*** INPUT RECORDS Section Begins ***

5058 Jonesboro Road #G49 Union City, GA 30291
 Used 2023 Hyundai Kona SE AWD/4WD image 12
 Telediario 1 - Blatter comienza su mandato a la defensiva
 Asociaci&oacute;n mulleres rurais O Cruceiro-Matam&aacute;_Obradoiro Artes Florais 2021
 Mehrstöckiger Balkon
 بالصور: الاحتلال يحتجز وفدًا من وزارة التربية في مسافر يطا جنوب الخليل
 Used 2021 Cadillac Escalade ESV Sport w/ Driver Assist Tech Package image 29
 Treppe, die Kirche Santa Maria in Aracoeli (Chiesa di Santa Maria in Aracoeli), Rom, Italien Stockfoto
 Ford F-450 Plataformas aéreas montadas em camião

*** INPUT RECORDS Section Ends ***

** TASK DESCRIPTION **
Please print exactly the lines of the entries above, beginning with the line that contains "Treppe, die Kirche" and ending with the last line.

** WRITTEN RESPONSE **
 Treppe, die Kirche Santa Maria in Aracoeli (Chiesa di Santa Maria in Aracoeli), Rom, Italien Stockfoto
 Ford F-450 Plataformas aéreas montadas em camião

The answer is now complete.